We have solved the first issue by randomly changing the order of the
input sequences to obtain a uniform distribution of all the "sequence
types"lf/sito/ along the whole databank. Then applying the original
formatdb we were able to obtain non-biased slices of equal size. These
slices were used to improve the performances of DNC-Blast on the PF
SMP, and the results are reported in the Results(I) section.
We also have implemented a custom version of the NCBI formatting
program, the DNC-formatdb, able to generate randomized database slices
of variable sizes. The DNC-formatdb developed in this workpackage takes
as input the databank to be formatted and a set of relative weights
(expressed as percentual figures) of every slice to be generated. Then,
it produces randomized slices with sizes varying according to input
weights ready to be searched using DNC-Blast.
Table1
EqCPU numbers computed for each databank
To perform this task a modified randomizing algorithm has been applied.
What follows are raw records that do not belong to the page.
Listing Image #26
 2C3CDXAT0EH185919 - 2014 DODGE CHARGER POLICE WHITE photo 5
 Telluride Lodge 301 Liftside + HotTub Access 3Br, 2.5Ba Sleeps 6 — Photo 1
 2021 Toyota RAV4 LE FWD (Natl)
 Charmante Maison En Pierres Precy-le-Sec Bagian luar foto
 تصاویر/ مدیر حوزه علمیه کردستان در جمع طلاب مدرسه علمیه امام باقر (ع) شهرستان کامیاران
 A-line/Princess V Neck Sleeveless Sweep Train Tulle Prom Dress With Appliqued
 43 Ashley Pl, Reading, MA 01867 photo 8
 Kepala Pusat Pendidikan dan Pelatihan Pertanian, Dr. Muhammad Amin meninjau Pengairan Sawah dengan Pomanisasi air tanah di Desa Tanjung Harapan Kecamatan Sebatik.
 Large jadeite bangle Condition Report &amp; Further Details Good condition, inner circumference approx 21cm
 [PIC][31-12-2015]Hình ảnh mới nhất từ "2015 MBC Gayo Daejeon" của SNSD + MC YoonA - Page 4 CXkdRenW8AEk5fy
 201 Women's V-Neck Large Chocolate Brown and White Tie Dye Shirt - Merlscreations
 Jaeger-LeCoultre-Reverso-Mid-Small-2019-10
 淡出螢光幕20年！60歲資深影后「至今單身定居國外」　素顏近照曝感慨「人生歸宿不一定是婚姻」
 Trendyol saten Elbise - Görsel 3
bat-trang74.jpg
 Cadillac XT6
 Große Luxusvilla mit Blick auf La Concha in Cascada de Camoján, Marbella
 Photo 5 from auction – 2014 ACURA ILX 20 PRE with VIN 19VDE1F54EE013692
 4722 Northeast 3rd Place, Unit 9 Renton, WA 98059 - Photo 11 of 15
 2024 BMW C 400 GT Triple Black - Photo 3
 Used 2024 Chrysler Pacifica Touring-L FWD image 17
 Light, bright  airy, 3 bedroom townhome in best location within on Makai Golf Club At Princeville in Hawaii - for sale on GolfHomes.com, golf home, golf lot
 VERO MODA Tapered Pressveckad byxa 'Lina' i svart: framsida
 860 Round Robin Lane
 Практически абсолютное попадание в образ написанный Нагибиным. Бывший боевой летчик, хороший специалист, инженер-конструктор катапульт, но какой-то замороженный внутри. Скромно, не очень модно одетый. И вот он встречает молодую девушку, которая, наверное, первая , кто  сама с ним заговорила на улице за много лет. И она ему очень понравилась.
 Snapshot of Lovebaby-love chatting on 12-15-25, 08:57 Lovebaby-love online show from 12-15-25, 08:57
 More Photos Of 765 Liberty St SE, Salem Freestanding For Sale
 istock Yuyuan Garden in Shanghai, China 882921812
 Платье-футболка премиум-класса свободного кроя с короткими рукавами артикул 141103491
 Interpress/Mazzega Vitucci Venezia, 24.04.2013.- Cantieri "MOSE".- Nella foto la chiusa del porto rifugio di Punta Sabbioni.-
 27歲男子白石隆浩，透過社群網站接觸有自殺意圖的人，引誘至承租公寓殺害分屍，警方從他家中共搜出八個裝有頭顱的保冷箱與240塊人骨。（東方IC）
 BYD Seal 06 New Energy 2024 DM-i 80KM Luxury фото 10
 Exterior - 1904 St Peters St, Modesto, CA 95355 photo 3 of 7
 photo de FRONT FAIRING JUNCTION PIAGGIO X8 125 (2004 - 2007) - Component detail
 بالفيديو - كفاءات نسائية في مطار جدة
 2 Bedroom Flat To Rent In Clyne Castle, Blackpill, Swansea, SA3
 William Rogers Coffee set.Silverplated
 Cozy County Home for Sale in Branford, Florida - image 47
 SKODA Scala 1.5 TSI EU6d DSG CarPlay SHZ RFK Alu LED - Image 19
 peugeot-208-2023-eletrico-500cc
For each single input sequence a random number between 0 and 1 has been
generated and the sequence assigned to one of the output file depending
on the numeric range the number falls in. The slices obtained so far
are then simply fed into the NCBI-formatdb to generate five searchable
files to be distributed on the computing nodes. In practice, to
distribute each databank over the nodes we have implemented the
following procedure:
compute the execution time of a reference Blast query (one for each
databank) on a reference machine, namely a single CPU of the PF SMP.
This number, from now on called one Equivalent CPU (1 EqCPU),
represents the measure unit of the execution times of the reference
query on the cluster nodes;
measure the execution time of the reference Blast query (one for each
databank) on each node and compute the EqCPU value for the node as the
ratio with the execution time on the reference machine;
compute the relative weight of the databank slice for each node (one
for each databank) based on the number of EqCPU of that node;
run the DNC-formatdb to generate the randomized and weighted databank
slices to be distributed on each node.
Table 1 shows the execution times and the computed EqCPU values, for
each databank, on all the cluster nodes. The database slices obtained
(whose weights are reported in Appendix A) were used to improve the
performances of the DNC-Blast on the PF-cluster, and the outcomes are
reported in the Results(II) section.
Figure 1
A efficiency increase close to 10% for queries
against the randomized GenBank is obtained, for the other databanks the
change is less pronounced, and negative in the BacteriaN case
2.3 Results (I)
Top
Tests conducted to evaluate the effectiveness of the database
randomization on the PF SMP. We have repeated the tests performed in a
previous deliverablei, for BlastN and BlastP against four different
databases, both on non-randomized databank slices and on randomized
ones. In all cases the same DNC-Blast implementation was used, being
the database randomization the only difference among the two tests. In
Figure 1 the efficiencies of the algorithm are shown as a function of
the CPU number n for the randomized (red points) and non-randomized
(black points) databases: "A" for BlastN against the Genbank, "B" for
the BlastP against the NR, "C" for BlastN against Bacteria_P and
"D"lf/sito/ for Bacteria_N. The efficiency is defined as the ratio of
the theoretical minimum execution time with n processors and the actual
elapsed timeii, where the theoretical minimum execution time is given
by the execution time of one processor divided by the number of
processors n.
Results show a performance increase due to the randomization procedure
for three of the four databases under consideration. In particular, for
BlastN against Genbank the performance exceeds the theoretical value at
2 and 4 CPUs, showing a behavior similar to a well known
cache-aggregate effect, made possible in the randomized case for the
high degree of balance among the concurrent sub-processes. The
efficiency gain is less evident with BlastP ("B" and "C"), where the
more complex structure of the alignment algorithm for protein sequences
reduces the impact of the data parallelization. When small databases
are searched with a fast algorithm (as for BlastN against Bacteria_N in
"D") we register a reduced efficiency in the randomized case.
2.4 Results (II)
Top
Tests
on heterogeneous database splitting on the PF cluster
Following the procedure outlined in the previous section, we have
populated the cluster with heterogeneous randomized databank slices. In
the scalability of the algorithm (defined in our previous testi) is
shown as a function of the EqCPU number in order to provide a correct
comparison among the two platforms. It should be reminded that the
EqCPU for the cluster nodes are defined using one single CPU of the PF
SMP as a unitary reference. Hence, for the PF SMP one EqCPU is exactly
one processor while, for the PF cluster, the EqCPU is neither an
integer nor it corresponds to the number of the nodes.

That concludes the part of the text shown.